Below is an overview of breast, cervical, and colorectal cancers by describing the cancer burden in Indian Country along with screening tests and recommended guidelines for routine testing issued by the United States Preventive Services Task Force (USPSTF).
Breast cancer is the most frequently diagnosed cancer and the leading cause of death among American Indian/ Alaska Native (AI/AN) women (CDC 2017). Although AI/AN women have a lower breast cancer incidence rate compared to White women, AI/AN women are more likely to be diagnosed at a younger age and after their cancer has progressed to more advanced stages. Rates of breast cancer are not uniform across Indian Country, but vary by region. For example, mortality rates among AI/AN women in the Pacific Coast, Southwest and Eastern regions seem to be lower than rates for White women. However, a closer look at mortality rates stratified by age groups reveals that AI/AN women aged 40-49 years in the Alaska region and women aged 65 years or older in the Southern Plains experienced higher breast cancer mortality rates than White women in the same age group (White, A., Richardson, L. C., Li, C., Ekwueme, D. U., & Kaur, J. S. 2014). Many of these deaths could be prevented with routine cancer screening, particularly since overall breast cancer screening rates among AI/ AN women are lower (71.6%) than the screening rates for White women (76.7%) (Ibid). Similar to rates for breast cancer screening also varies by region. According to data estimates from the 2000 to 2010 Behavioral Risk Factor Surveillance System, the Southwest region had the lowest screening rates (61.1%) while the Southern Plains region had the highest screening rates (73.6%), which is still lower than the national average screening rate for White women (CDC 2012).
Cervical cancer, once known as the most common causes of cancer deaths for American women, has decreased by 50% in the past 40 years due to the increased use of the Pap test for cancer screening (American Cancer Society 2016). Although rates for cervical cancer have decreased dramatically nationally, health disparities are affecting AI/AN women in significant ways. The cervical cancer mortality rate for AI/AN women in Indian Health Service (IHS) Contract Health Service Delivery Area (CHSDA) counties is almost twice the rate in White women (4.2 per 100,000, compared to 2.0 per 100,000) (Watson, M., Benard, V., Thomas, C., Brayboy, A., Paisano, R., & Becker, T. 2014). Despite existing screening efforts, AI/AN women experienced a higher incidence rate and diagnosis at more advanced stages of cervical cancer (Ibid).

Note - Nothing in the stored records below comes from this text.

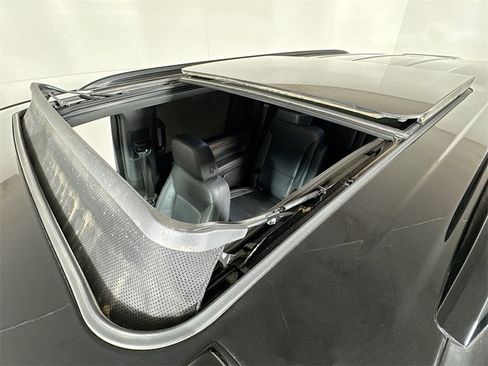 Used 2021 Chevrolet Tahoe Z71 image 20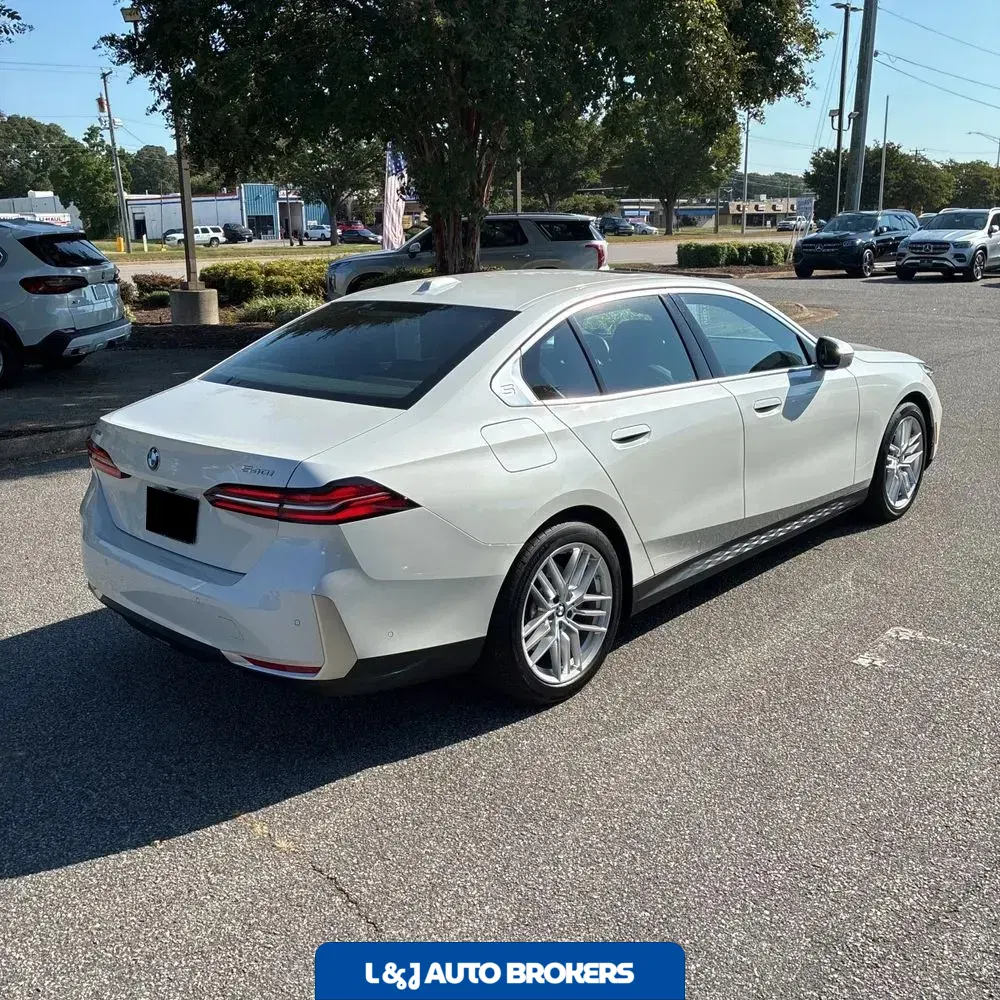 2025 BMW 5-Series 540i xDrive
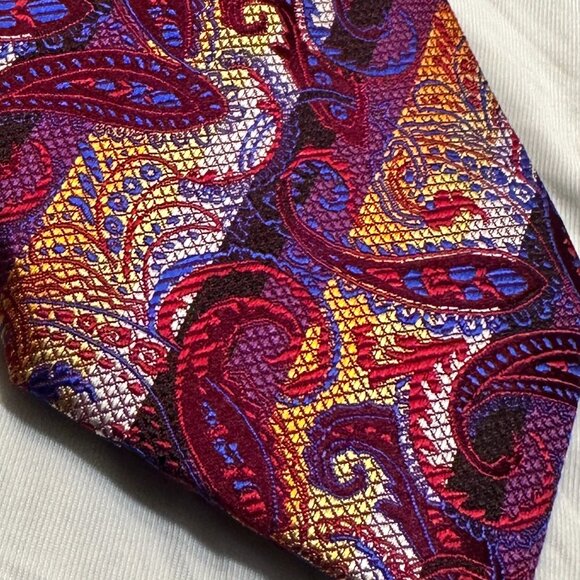 Robert Lewis Paisley Silk Tie – Vintage Elegance with Ornate Detailing - Picture 5 of 6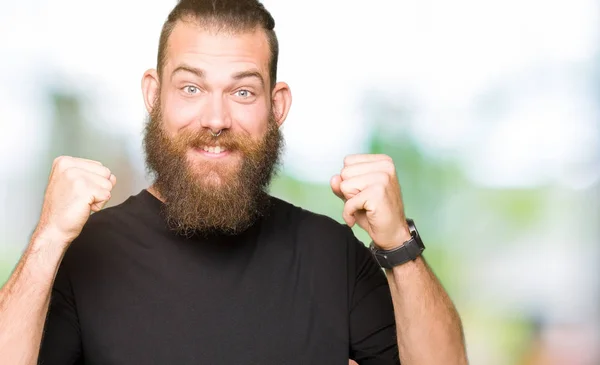 Joven Hombre Rubio Con Camiseta Casual Celebrando Sorprendido Sorprendido Por —  Fotos de Stock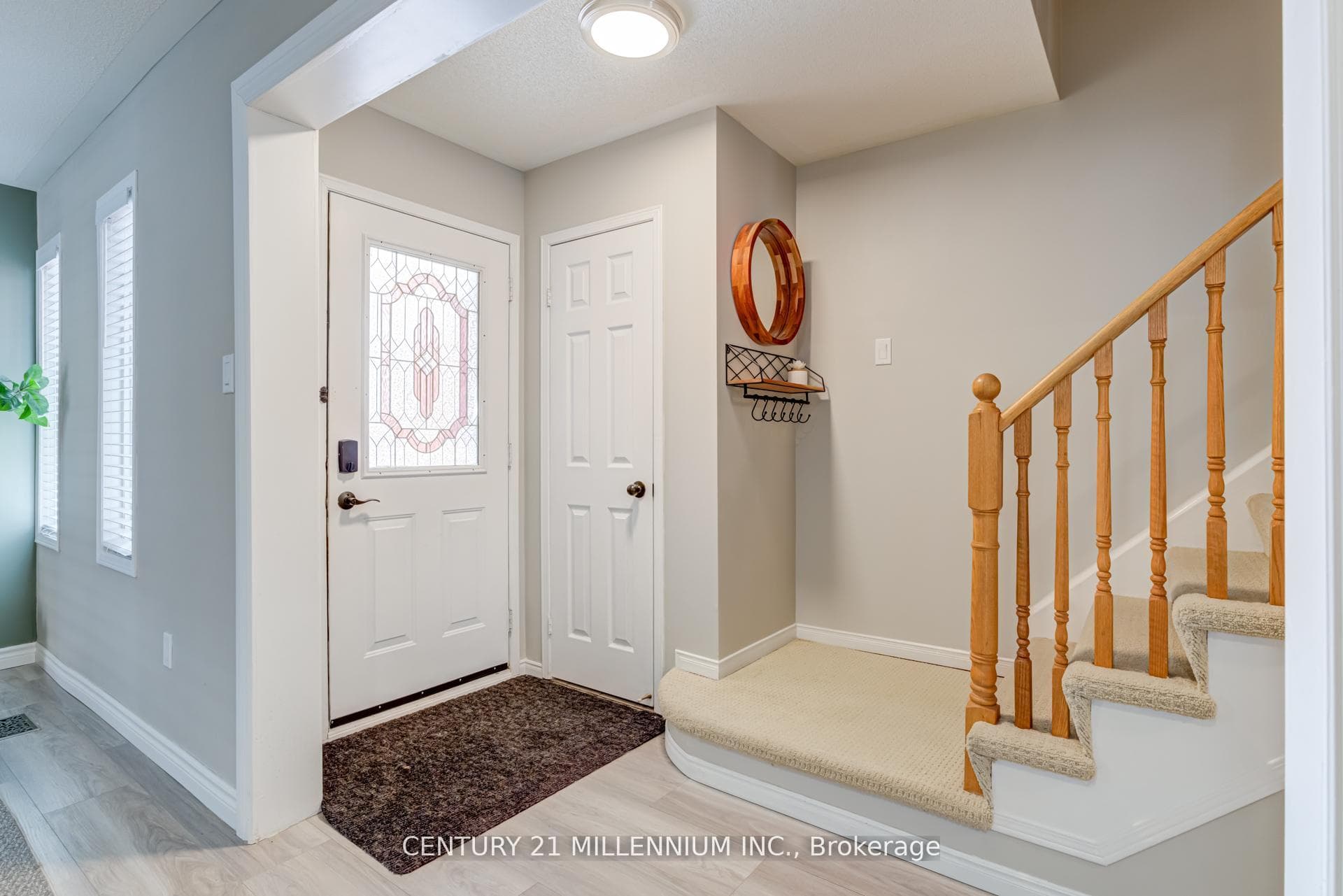 327 Perry Road photo 3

Colorectal cancer is another treatable cancer with preventive screening tests and ranks in the top five most common cancers diagnosed in the United States. Overall, colorectal cancer mortality rates have declined due to the use of screening measures such as colonoscopies, fecal immunochemical tests (FIT), and fecal occult blood testing (FOBT). Unfortunately, AI/AN people still face colorectal cancer disparities in many regions throughout the United States. For example, colorectal cancer incidence and mortality among AI/ANs have been found to be 21% and 39%, respectively, higher than White populations. Once again, these rates vary by region, with the highest incidence rates and mortality rates among AI/AN populations in Alaska and the Northern and Southern Plains regions. Additionally, indigenous people are diagnosed with colorectal cancer at younger ages and at more advanced stages of cancer, leading to a greater burden of disease. These disparities are evident in the Eastern region as well, where AI/AN women had significantly higher colorectal mortality rates than White women.

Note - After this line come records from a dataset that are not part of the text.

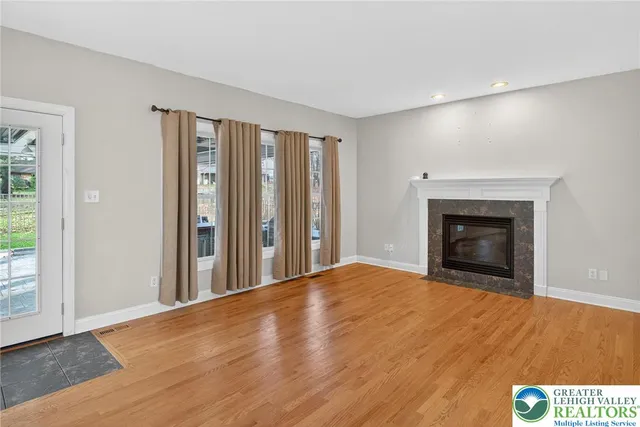 a view of front door with entryway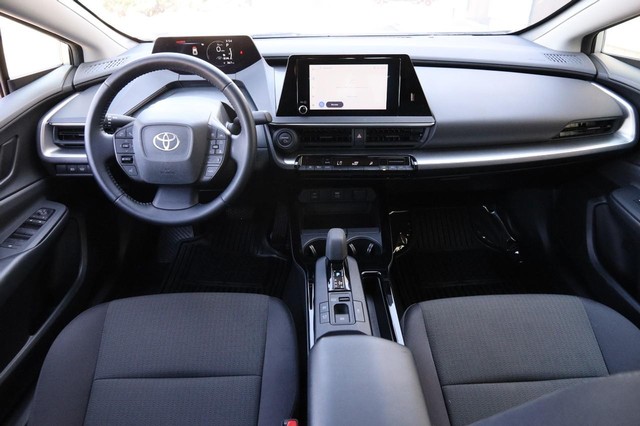 Toyota Prius Vehicle Image 22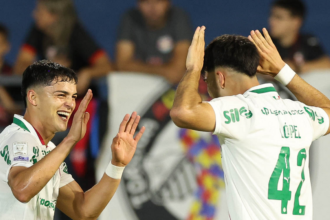 palmeiras-derrota-bragantino-para-manter-lideranca-no-brasileiro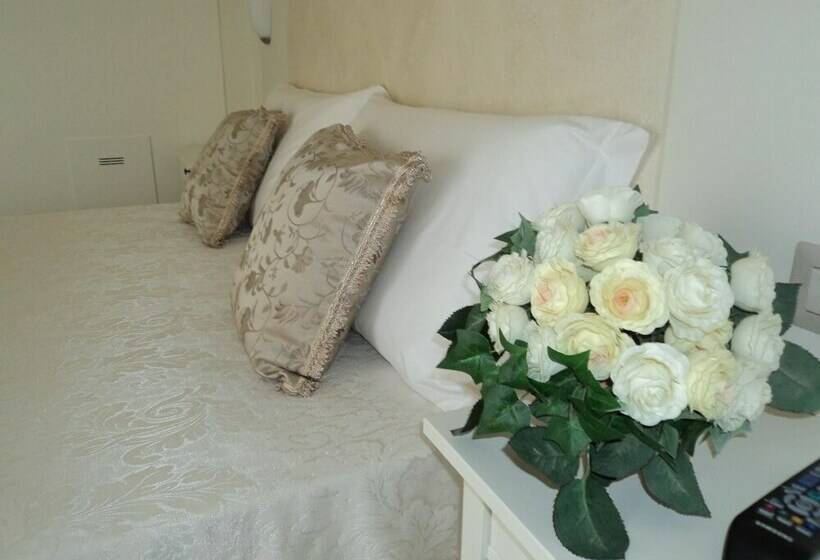 اتاق استاندارد, Bed & Breakfast Giardini Di Corte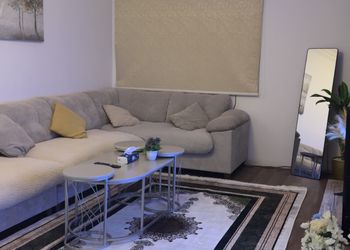  شقة غرفتين وصاله بمدخل خاص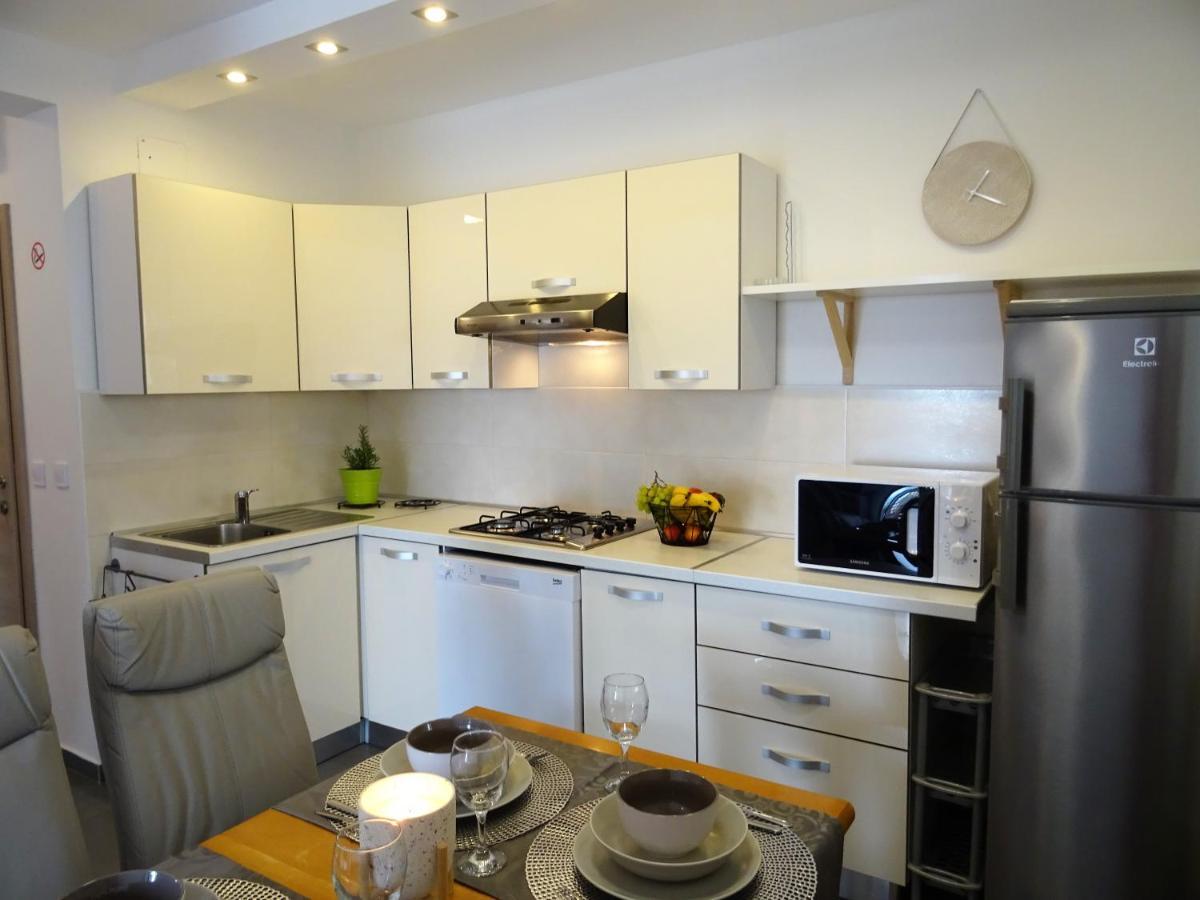Apartments Topic Nin Luaran gambar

By increasing cancer screening rates per national guidelines, many cancer deaths could be avoided. Routine patient cancer screening, such as mammograms, Pap tests, and colonoscopies, are particularly effective as they can frequently prevent or detect these cancers before a person develops any symptoms.13 Identifying abnormal tissues before disease develops or discovering cancer during early stages may make it easier for the cancer to be prevented, treated, or cured, reducing morbidity and mortality and the overall burden of disease. Cancer screening is low-risk and typically causes patients only minor discomfort or inconvenience while providing valuable results.

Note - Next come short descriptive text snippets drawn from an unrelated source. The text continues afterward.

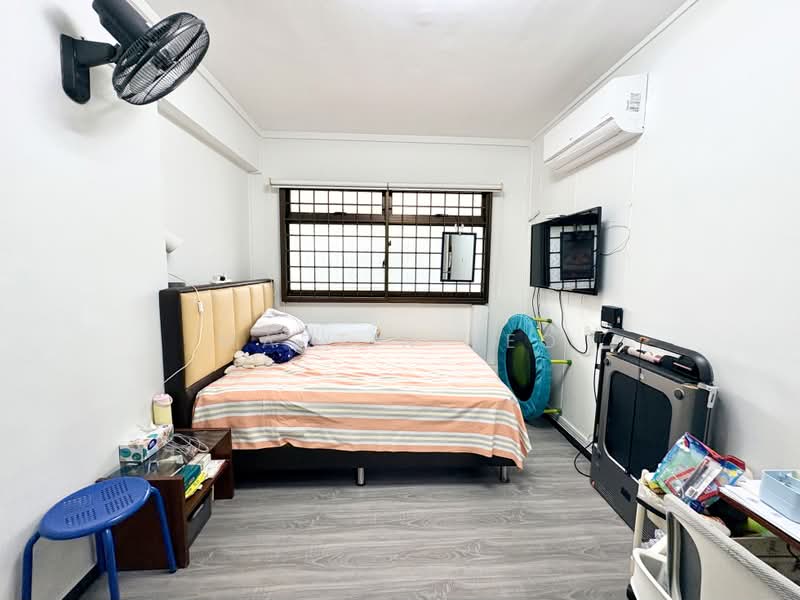Affordable $6xxk Renovated Huge 1087 sqft 4 Rm HDB near Tampines East Mrt Tampines mart east spring, , 3 Bedrooms, 1,087 sqft, HDB Flat For Sale, by Martin, 500179935 - Bedroom - PropertyGuru.com.sg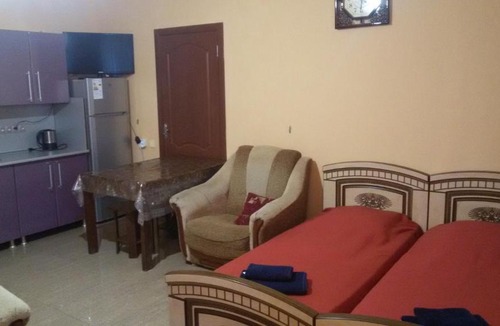 Vesyoloe House | Diana Guest House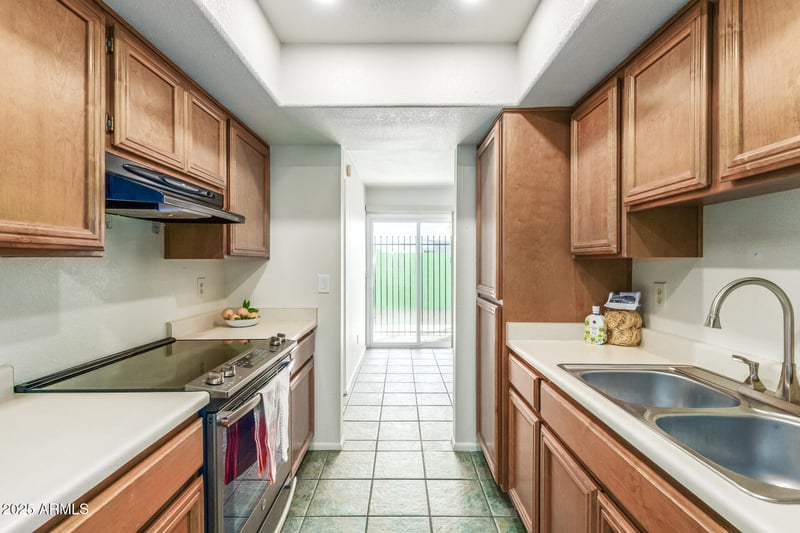 925 Villa Maria Dr, Phoenix, AZ 85022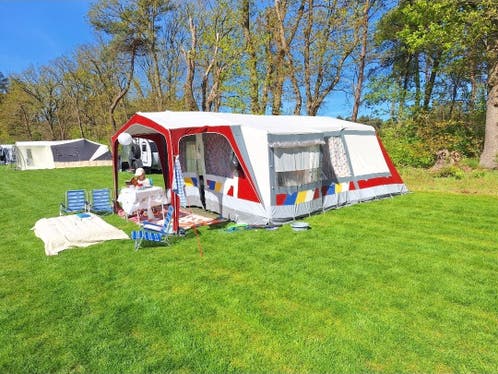 makkelijk-op-te-zetten-tent-969knm-1.jpg Vintage 6 persoons tent Makkelijk op te zetten (m2419852696) — Tenten — Marktplaats - Afbeelding 1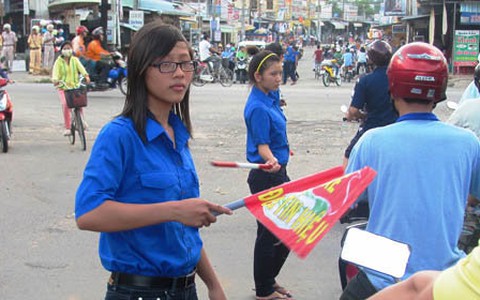 Ngày hè đứng chốt giao thông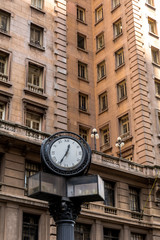Fototapeta na wymiar Martinelli building with a clock / old downtown / Sâo Paulo / Brazil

As we work to increase cancer screening, it’s important to identify barriers such as lack of reliable access to healthcare, cultural differences, and other social determinants of health.
Cancer screening, which is checking for cancer or abnormal tissues before symptoms develop, is an effective way to prevent cancer or ensure early detection increasing the likelihood that a patient can be treated effectively. Cancer screening is especially important for breast, cervical, and colorectal cancers. The United States Preventive Services Task Force (USPSTF) has national recommended guidelines for screening, which are included below and summarized in Table 1.
For additional reference, the American Cancer Society’s (ACS) screening tests recommendations for breast, cervical, and colorectal cancers for people of average risk can be found in Table 2:
Screening guidelines for breast cancer
A mammogram is used to screen women for breast cancer using X-ray images of the breast. To have a mammogram, a woman stands in front of a machine that compresses her breast while an image is taken. Mammograms may feel uncomfortable or even painful. After the test is complete, radiologists read the mammograms to determine if they are normal or abnormal. Abnormal mammograms do not necessarily indicate cancer, but rather highlight the need for additional testing to look for cancer.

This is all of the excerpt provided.